Boolean satisfiability (SAT) solvers have played an important role in software and hardware verification, automatic test pattern generation, planning, scheduling, and solving challenging problems in algebra.

In this post, I talk about my experience writing my own SAT solver, its implementation details, designs and algorithms used, some comparisons between using different heuristics for splitting and choosing of variable assignments in the unforced case, challenges faced, and possible future directions.

You can find the code for the project on Github here.

Overview

My SAT solver uses the classical Davis–Putnam–Logemann–Loveland (DPLL) algorithm, which is based off backtracking search. In order to speed up the search process, unit propagation (also known as boolean constraint propagation), and the usage of watchlists for ease of backtracking is also implemented.

Trying it out

You can skip this section if you don’t intend to run the SAT solver and just want to learn more about how it is implemented.

To run the SAT solver, run ./src/sat.py <filename>. It also takes in verbosity flags, -v and -vv depending on the level desired. By default, only the test case being run and the result is given as output. -v prints the initial SAT formula, the current decisions being made and whenever backtracking is performed. It also outputs the final satisfying assignment. For instance, try running ./src/sat.py -v dat/sat/uf50-0100.cnf to see the assignments for one of the test cases. -vv outputs almost all information about what the algorithm is currently doing.

As an example, try running ./src/sat.py small/small-sat1.cnf, which corresponds to the CNF $$(x_1 \vee x_2 \vee x_3) \wedge (\neg x_1 \vee \neg x_2 \vee \neg x_3)$$, which should output $$\texttt{SATISFIABLE}$$. For an unsatisfiable instance, try running ./src/sat.py small/small-unsat2.cnf, which is an unsatisfiable instance corresponding to the following SAT instance:

\begin{align*} & (\neg x_1, x_2, x_4) \wedge (\neg x_2, x_3, x_4) \wedge ( x_1, \neg x_3, x_4) \wedge ( x_1, \neg x_2, \neg x_4) \wedge \\ & ( x_2, \neg x_3, \neg x_4) \wedge (\neg x_1, x_3, \neg x_4) \wedge ( x_1, x_2, x_3) \wedge (\neg x_1, \neg x_2, \neg x_3) \end{align*}

This should output $$\texttt{UNSATISFIABLE}$$.

Algorithms

The two interesting algorithms implemented for SAT solving are DPLL and unit propagation. The DPLL forms the main logic of assigning variables and performing backtracking and re-assignment if conflict arise. Unit propagation is an optimization that helps us prune our search space and converge to a solution if any faster. We examine both in detail.

DPLL

The DPLL algorithm works as follows: at every step, it chooses a variable to assign, and also chooses what value to first try assigning it. Whenever it makes such a voluntary assignment (i.e not forced), a new decision level is created. A decision level contains all the current assignments, and the variable that created the decision level. In our code, this is handled by the $$\texttt{Assignment}$$ class, and the $$\texttt{assignment_stack}$$ keeps track of the decision levels.

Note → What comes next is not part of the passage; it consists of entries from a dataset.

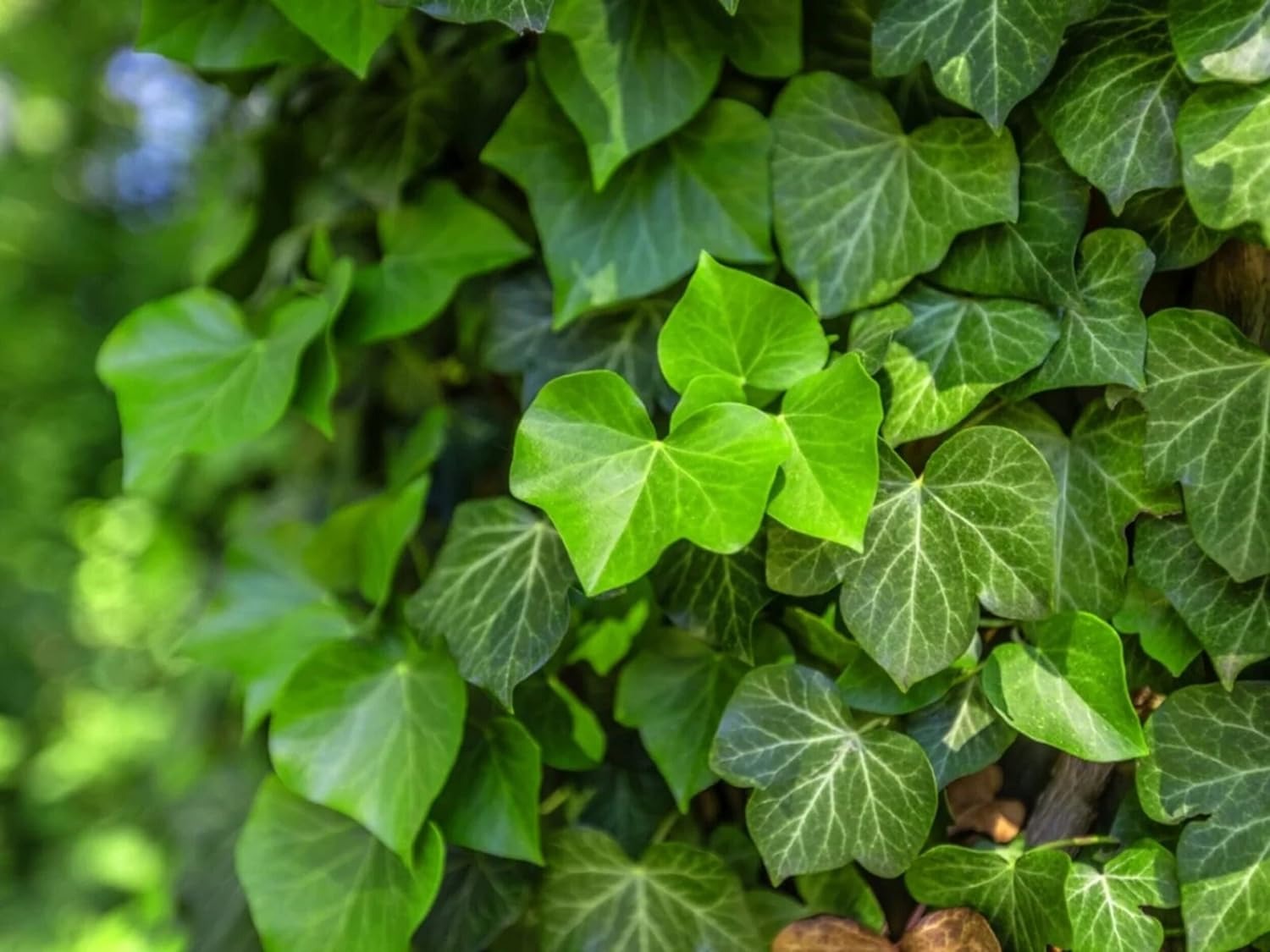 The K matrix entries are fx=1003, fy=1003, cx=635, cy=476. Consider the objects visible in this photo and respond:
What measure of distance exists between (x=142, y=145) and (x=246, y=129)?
6.85 ft

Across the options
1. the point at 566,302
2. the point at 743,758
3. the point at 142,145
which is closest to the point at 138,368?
the point at 566,302

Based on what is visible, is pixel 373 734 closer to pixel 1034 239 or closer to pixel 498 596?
pixel 498 596

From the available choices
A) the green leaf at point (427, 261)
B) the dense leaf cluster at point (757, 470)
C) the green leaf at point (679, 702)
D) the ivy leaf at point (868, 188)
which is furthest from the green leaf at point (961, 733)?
the green leaf at point (427, 261)

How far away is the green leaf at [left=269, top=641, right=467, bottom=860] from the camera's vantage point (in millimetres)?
568

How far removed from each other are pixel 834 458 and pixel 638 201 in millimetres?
228

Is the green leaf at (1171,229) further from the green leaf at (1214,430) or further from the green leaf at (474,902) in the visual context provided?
the green leaf at (474,902)

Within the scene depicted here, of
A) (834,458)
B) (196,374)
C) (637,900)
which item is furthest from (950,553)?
(196,374)

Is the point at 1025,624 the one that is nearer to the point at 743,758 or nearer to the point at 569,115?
the point at 743,758

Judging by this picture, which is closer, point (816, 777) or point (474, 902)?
point (816, 777)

Once a new decision level is created, we perform unit propagation (elaborated next). Unit propagation forces assignments, so there is no need to create new decision levels. If unit propagation results in conflicts (i.e a clause that is unsatisfiable for sure given the current assignments), we need to backtrack. Backtracking involves returning to the previous decision level, and forcing the assignment of the variable that caused the conflicting decision level to the negation of its previous assignment. If we ever run out of decision levels, it means that all possible choices of assignments results in conflicts, and therefore the SAT instance is unsatisfiable. By using decision levels (and also watchlists, elaborated later), we can write our code in an iterative instead of recursive manner, which is significantly faster as it avoids the overhead of moving around stack frames.

In the DPLL algorithm, we allow the user to specify their own heuristics for both choosing the splitting variable, and the initial first assignment to use. This can be done by modifying $$\texttt{choose_splitting_var}$$ and $$\texttt{choose_assn}$$ in $$\texttt{heuristics.py}$$ respectively. The file is well-documented and contains information on the information that is passed in that can be used to write a useful heuristic.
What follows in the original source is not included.